> _RECORDS SHOWN_:
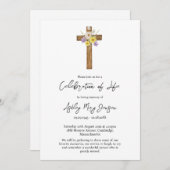 Wildflower Cross Celebration of Life Funeral Einladung (Vorne/Hinten)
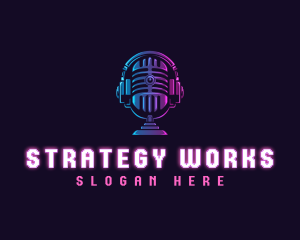 Podcast Headset Microphone logo design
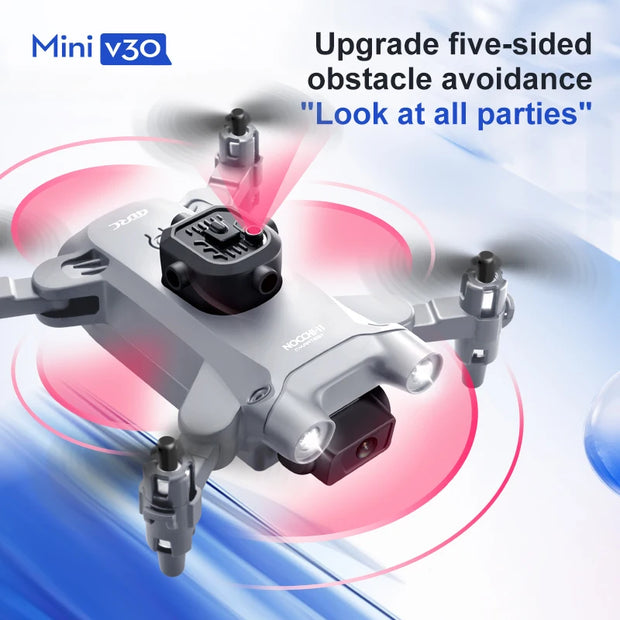 4DRC V30 Mini Drone 4K HD Dual Camera WIFI FPV Drones Profesional Five-sided Obstacle Avoidance Drone RC Helicopter Toy Gift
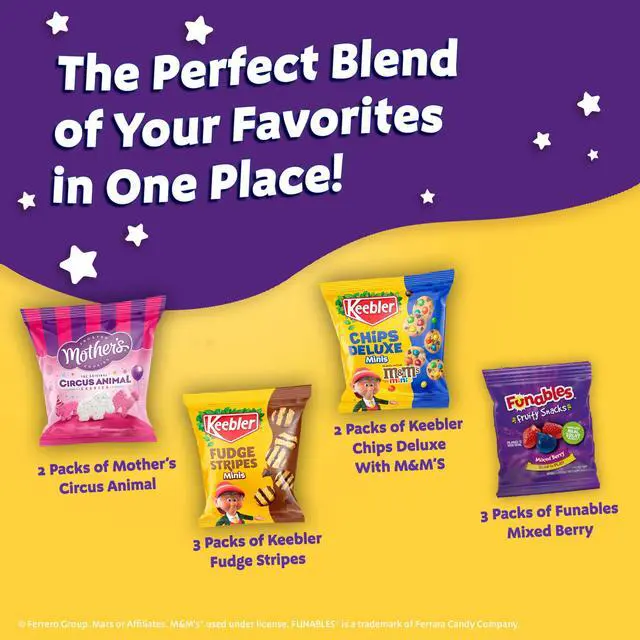 Alt view image 2 of 6 - Sweet Treat Variety Pack, 10-Count Box, Includes Chips Deluxe, Funables, Fudge Stripes, and Mother's Circus Animal Cookies, 9.4 oz
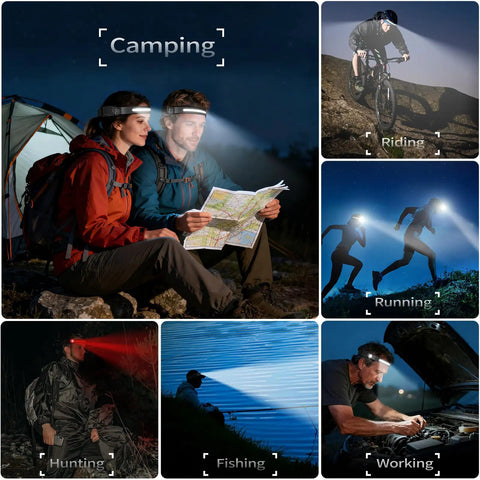 Duo Pack Rechargeable LED Headlamps With 230 Degree Wide Beam used for camping, biking, running, hunting, fishing, and working at night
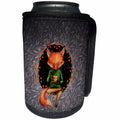 3dRose Uta Naumann Watercolor Animal Illustration - Illustration- Animal Wise Fox is Drinking Tea in Hollow at Night - Can Cooler Bottle Wrap (cc_265458)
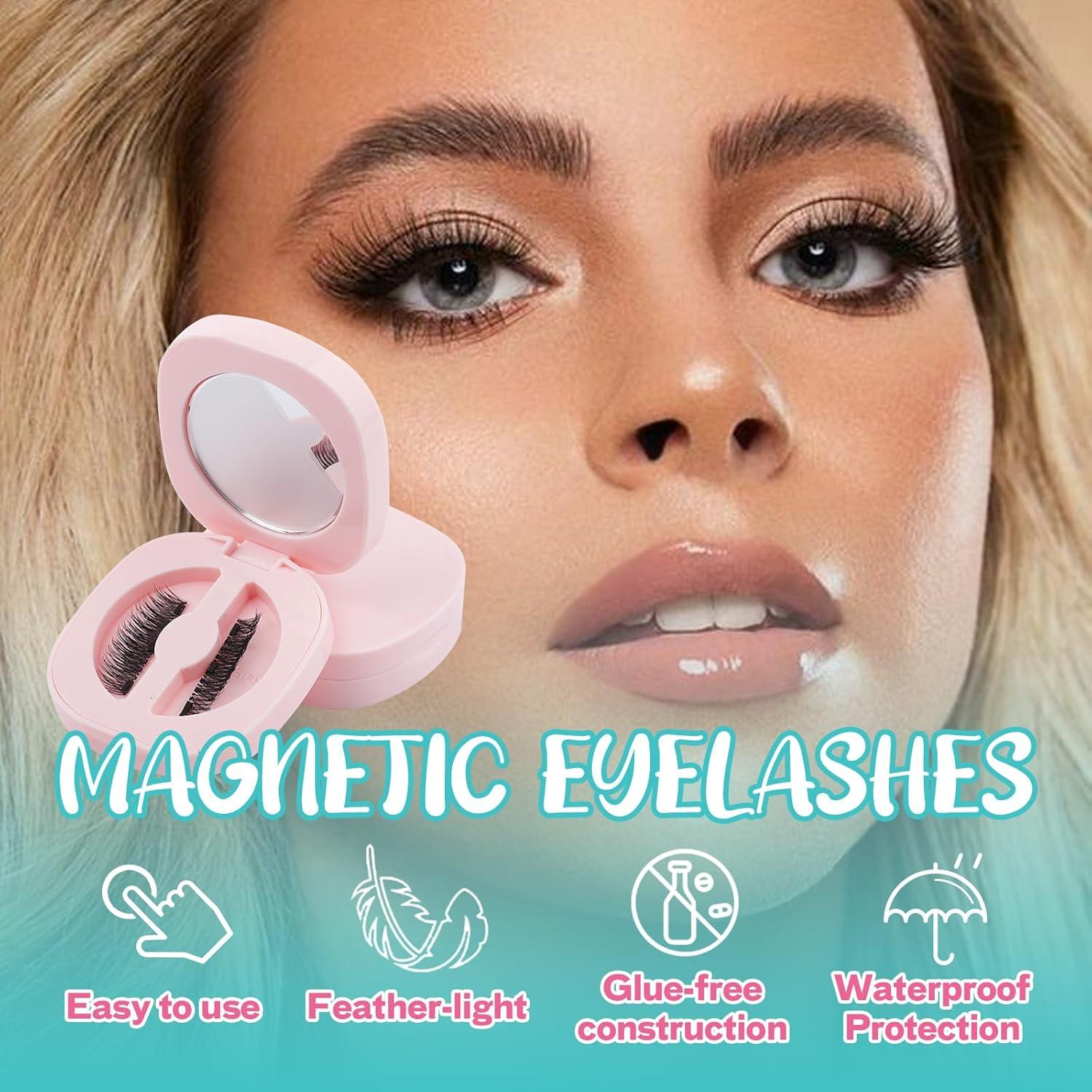 Pestañas Magnéticas GEMERRY 1 Par con Aplicador Reutilizables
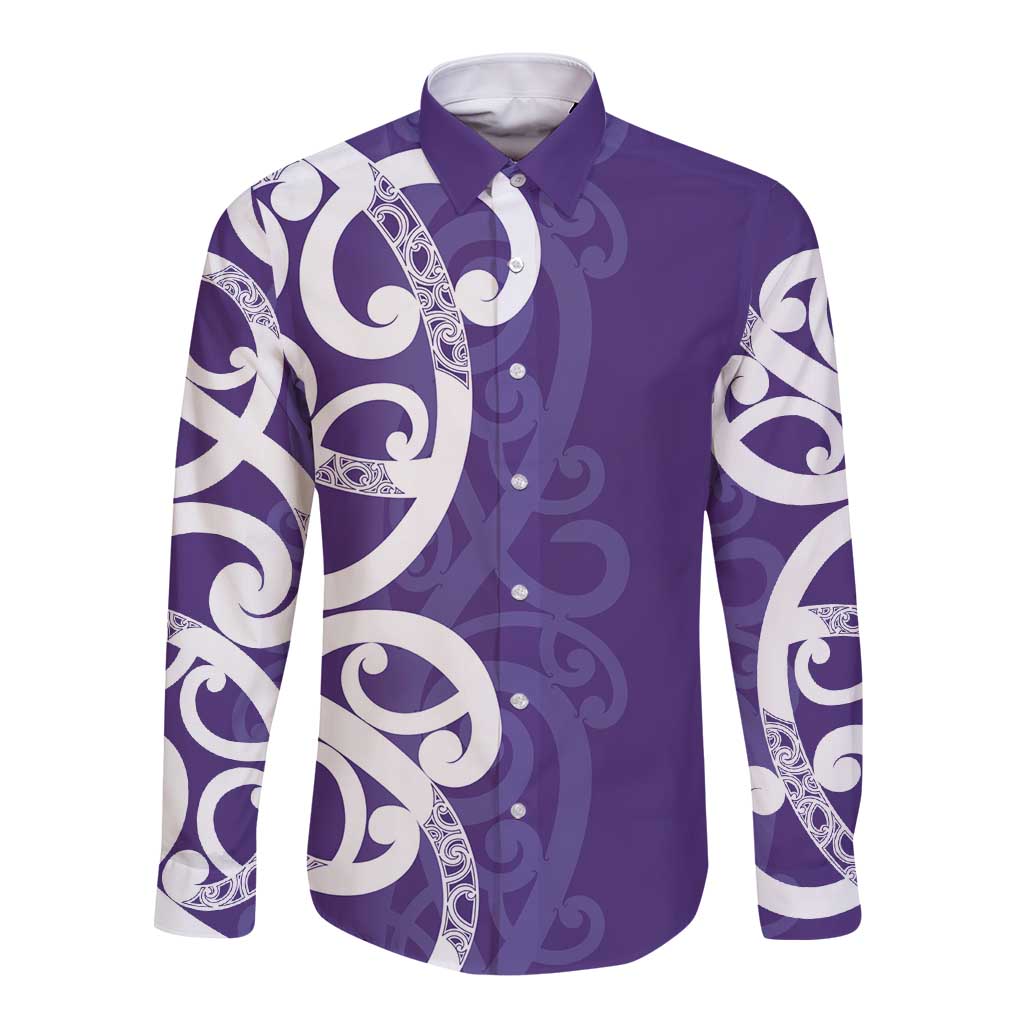 Violet Green Maori Long Sleeve Button Shirt Koru Kowhaiwhai - Polynesian Pride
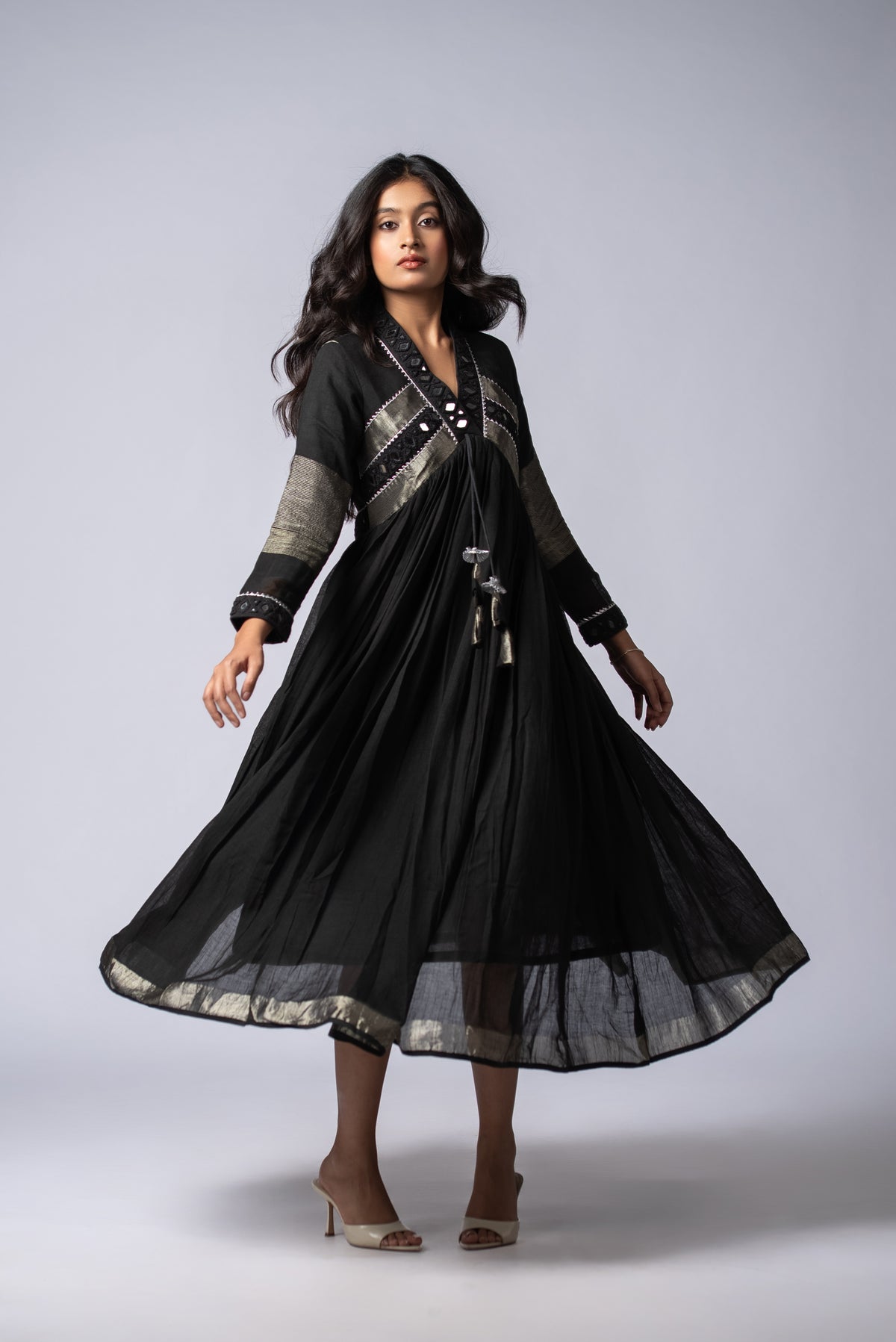 Siyah Sheesh Signature Mirror Work Dress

> _ABOUT THIS TASK_:
Copy the records above exactly, from the first line through the line containing "Alt view image", and leave out the pictures.

> _RESPONSE TO THE EXERCISE_:
 Wildflower Cross Celebration of Life Funeral Einladung (Vorne/Hinten)
 Podcast Headset Microphone logo design
 4DRC V30 Mini Drone 4K HD Dual Camera WIFI FPV Drones Profesional Five-sided Obstacle Avoidance Drone RC Helicopter Toy Gift
 Alt view image 2 of 6 - Sweet Treat Variety Pack, 10-Count Box, Includes Chips Deluxe, Funables, Fudge Stripes, and Mother's Circus Animal Cookies, 9.4 oz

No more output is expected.